A veteran of more than 40 years in early childhood education, Feldman is a proponent of whole language instruction with a particular emphasis on the skills developed through oral language.

“I’m trying to keep some of the things alive that I had as a child,” Feldman said. “We are so busy giving kids what we didn’t have, we are failing to give them what we did have.”

From “rise and shine, welcome to school today” to a musical tale about an alligator chasing monkeys to a peanut butter song sung to the tune of “Alouette,” Dr. Jean engaged the kids as active participants, with lots of standing, jumping, repetition and echoing, clapping and hand movements.

The fun disguises the fact that the children are sharpening their listening skills, their ability to anticipate what’s coming next, visualize story action, remember story elements in sequence and think in complete sentences.

“We have got to get back to oral language instruction,” she said after the concert. “If they never hear complete sentences, how are they going to write them?”

Feldman was in Mississippi to give a professional development seminar, “Rock, Rhyme, Write and Read,” in Jackson Wednesday.

Feldman’s workshops and seminars include more than just teaching fun songs. They address state learning standards, applications from brain research, classroom management, improving school-home communication and many other topics.

The fun does have a purpose, though. Research reveals much more activity in the brains of children involved in the kinds of active learning and listening Dr. Jean’s songs promote, versus such activities as playing video games, she said.

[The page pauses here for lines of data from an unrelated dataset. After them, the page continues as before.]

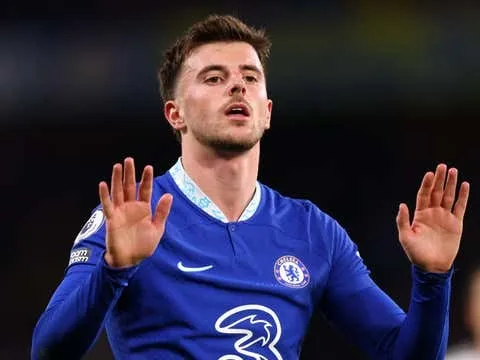 Cú sốc Mason Mount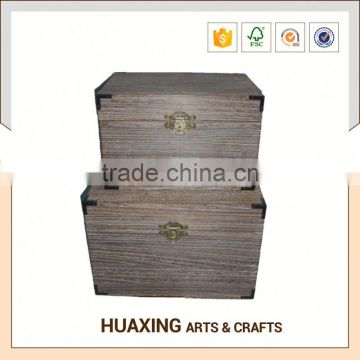 Customized portable round wooden box for beer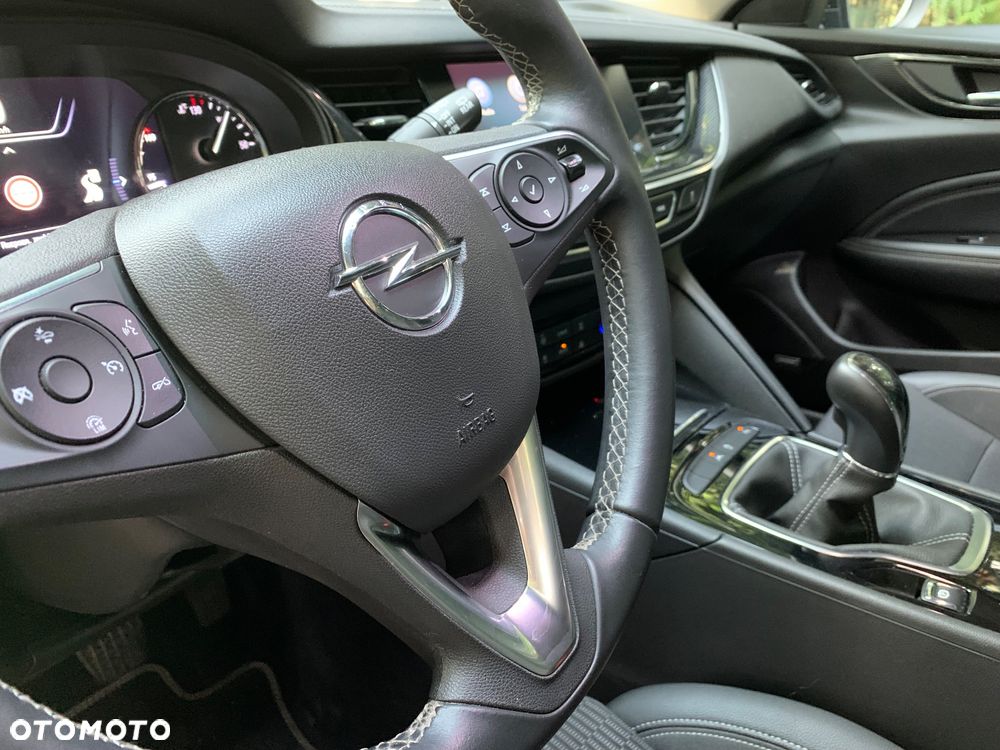 Opel Insignia - 18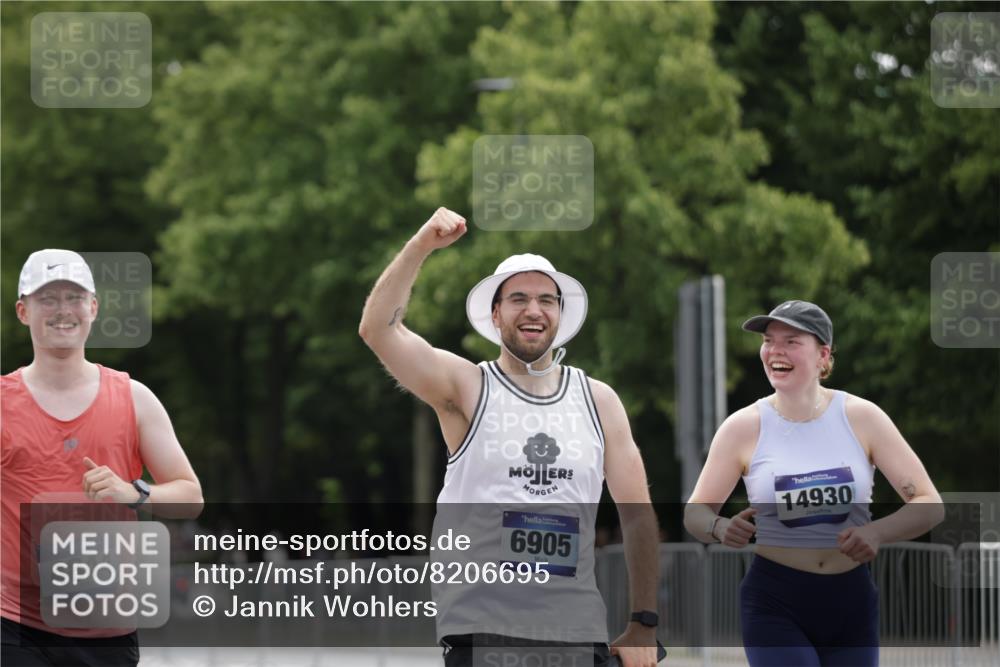 29.06.2025 - hella hamburg halbmarathon Jannik Wohlers http://msf.ph/oto/8206695 29.06.2025 10:26:04 Lombardsbrücke 1300, 4267, 4268, 4315, 4844, 6905, 7929, 8357, 8942, 11107, 12126, 13264, 14930, 15807, 17712, 18087 meine-sportfotos.de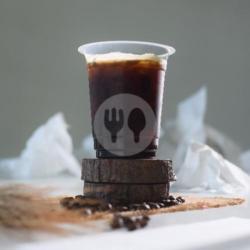 Black Coffee (americano) - Iced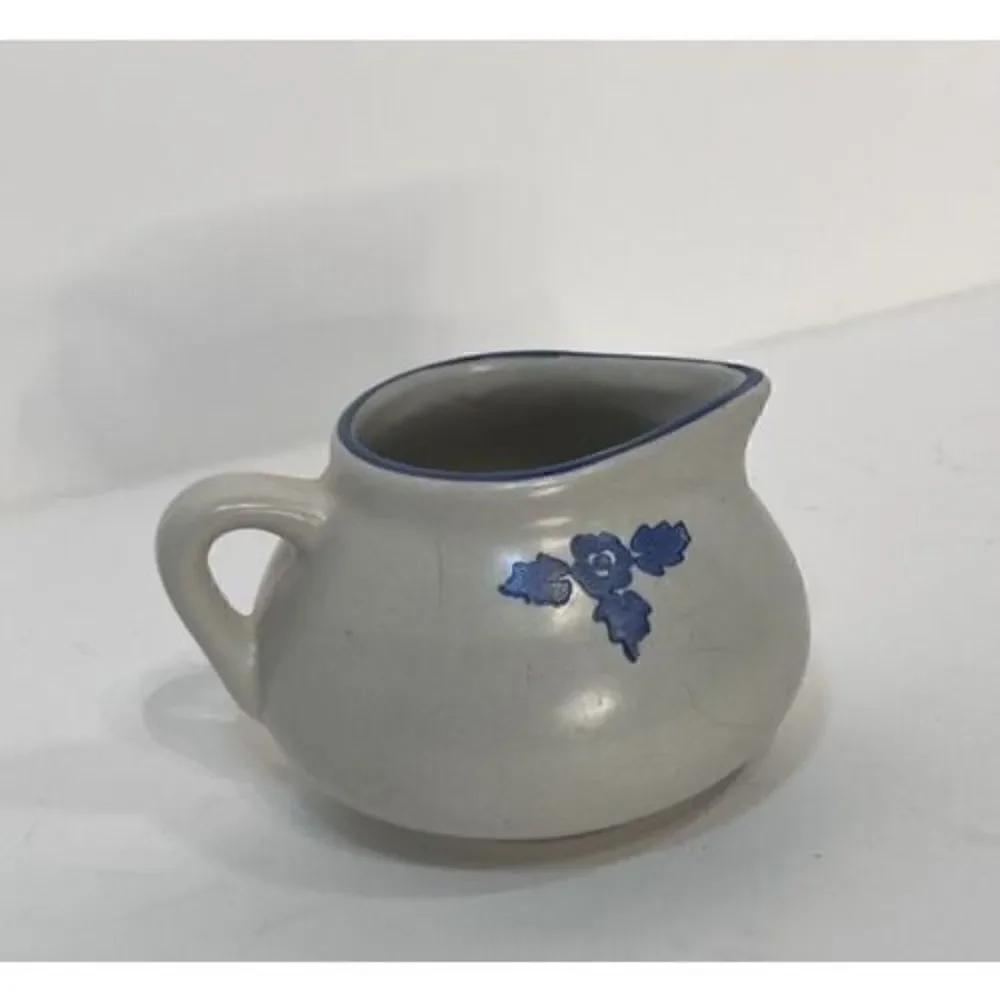 Pfaltsgraf Yorktowne Gravy/Syrup Pitcher Blue Flowers Pottery Stone‎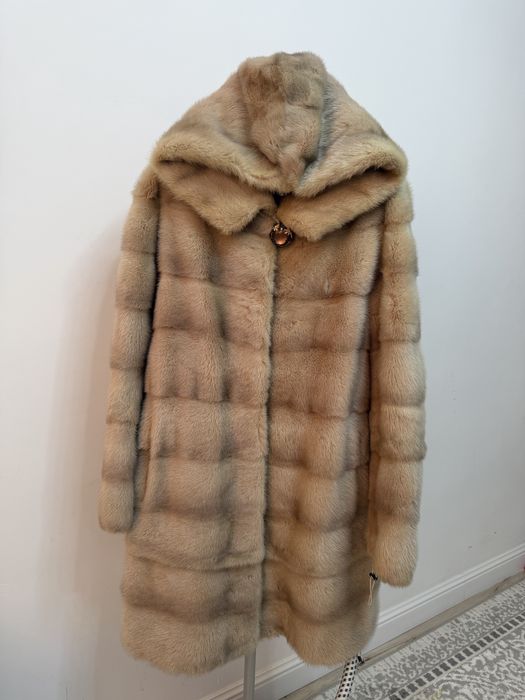 Продам Норковую шуба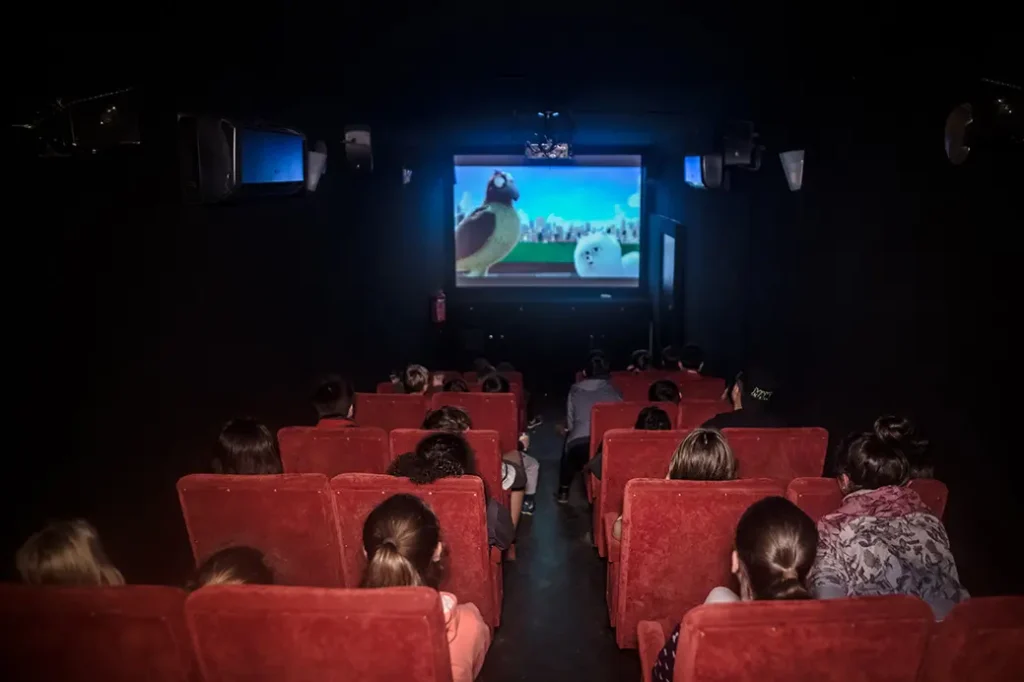 Cinema itinerante leva telona a comunidades dentro de uma carreta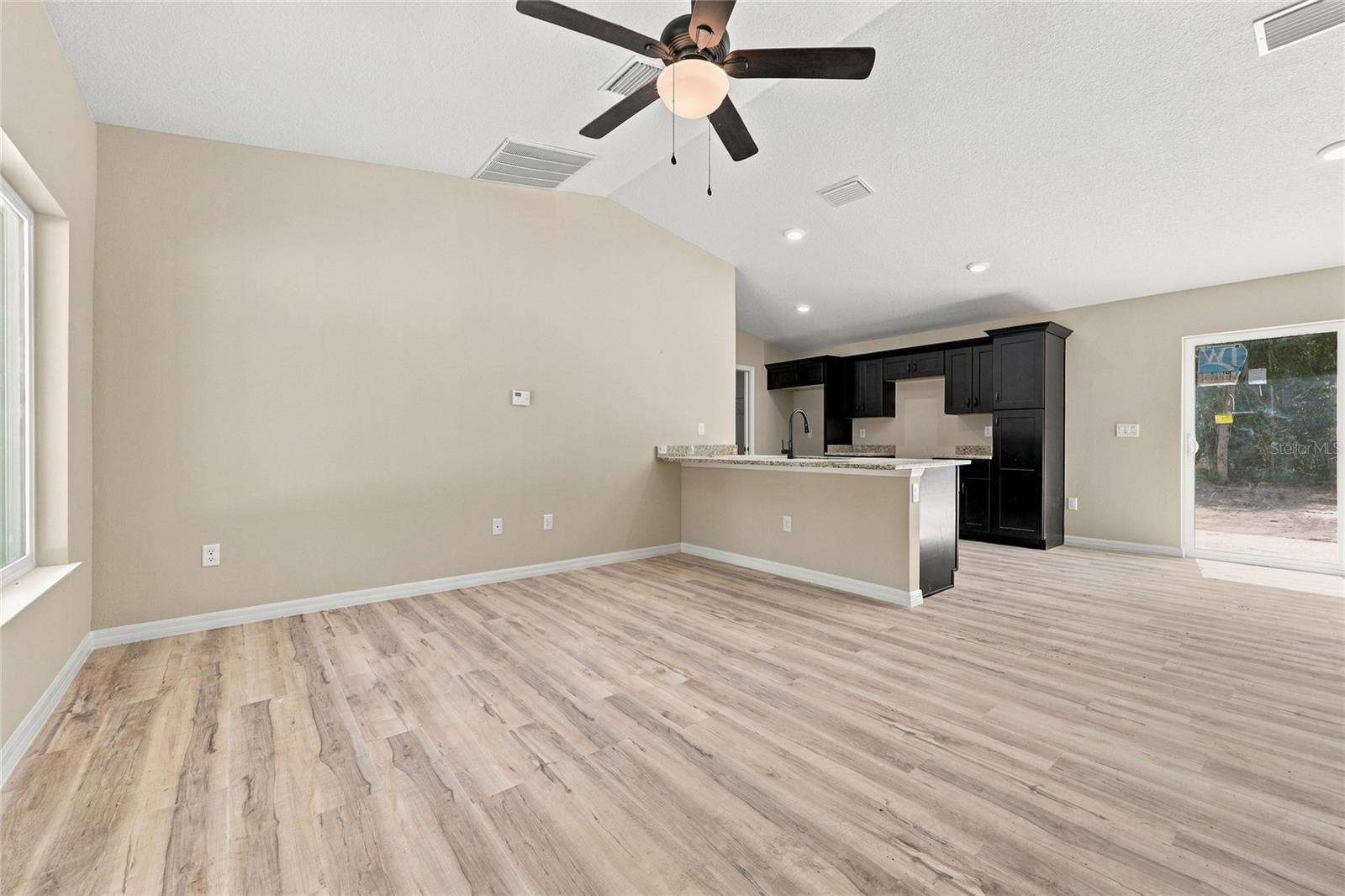 8 Sequoia Drive Crse Property Photo 4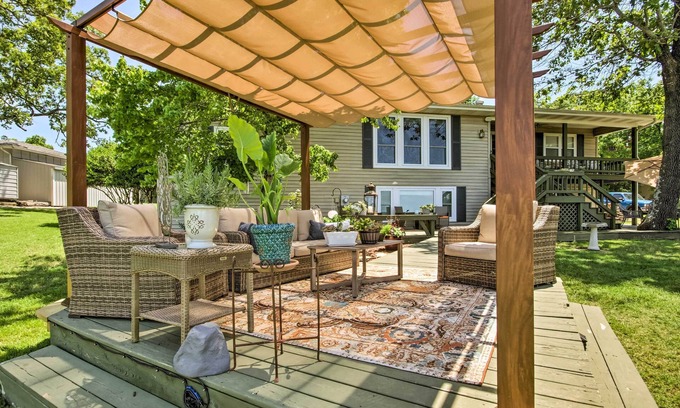 Mountain Home Apartment | Mountain Home w/Fire Pit & Norfork Lake Views!
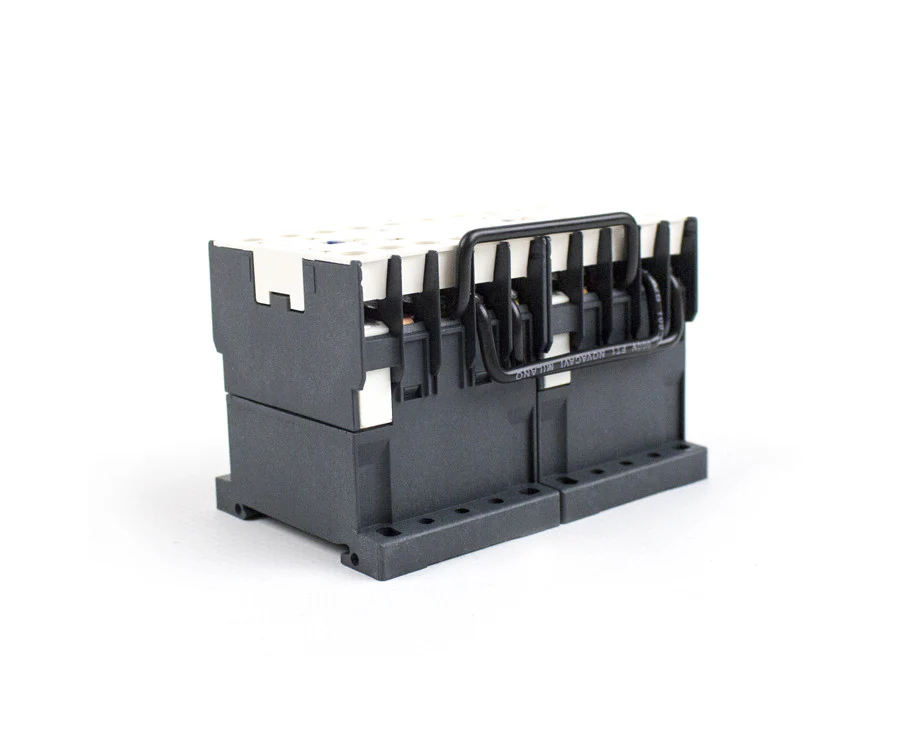 CM Reversing Contactor (24V Coil) - Image 3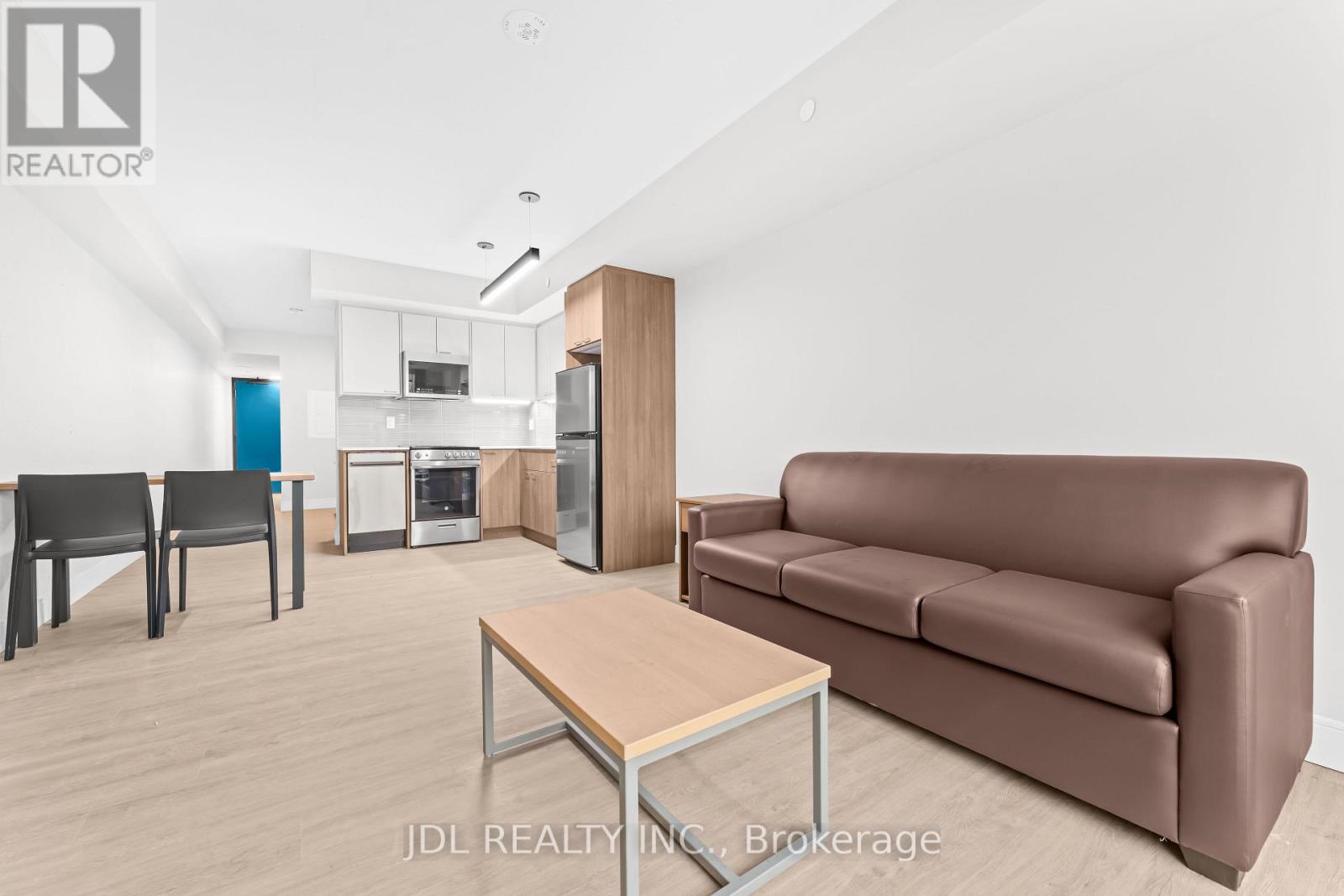 501 - 140 D'arcy Street, Toronto, Ontario  M5T 0G5 - Photo 12 - C14129002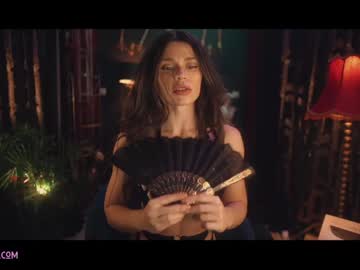 webcam girl lucieoude_ today image #2008456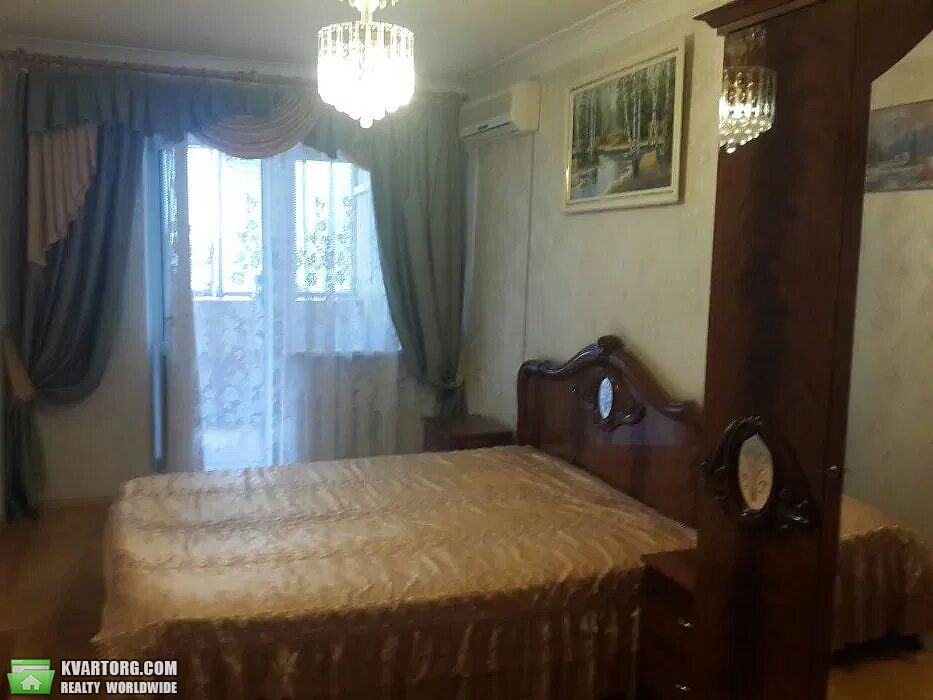 Rent out 3-room apartment. Киев,  Срибнокильская — photo 1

“She said she loved doing free concerts for schools, so when we heard she was going to be in Jackson we e-mailed her,” said Morgan Abraham, a kindergarten teacher in her third year at Sherman Avenue.

“She makes learning fun,” said Claire Peck, a veteran of many years in the Vicksburg Warren School District. “She helps us make learning fun.”

Abraham said the kindergartners sing Dr. Jean’s songs every day in class, or, as one of her students, Hannah Marie Broom, 5, put it, “She sings with us.”

Most of Sherman Avenue’s second- and third-graders knew all the words and motions to the songs, too.

Hume sang along. “It’s so rare when someone who is so world-renowned is still so in touch with schools,” he said.

Feldman has been a classroom teacher as well as consultant and seminar instructor. Her books include “A Survival Guide for Preschool Teachers,” “Wonderful Rooms Where Children Can Bloom” and “Ready, Set, Read!” She has also recorded song collections such as “Dr. Jean Sings Silly Songs,” “Nursery Rhymes and Good Ol’ Times” and “Kiss Your Brain!”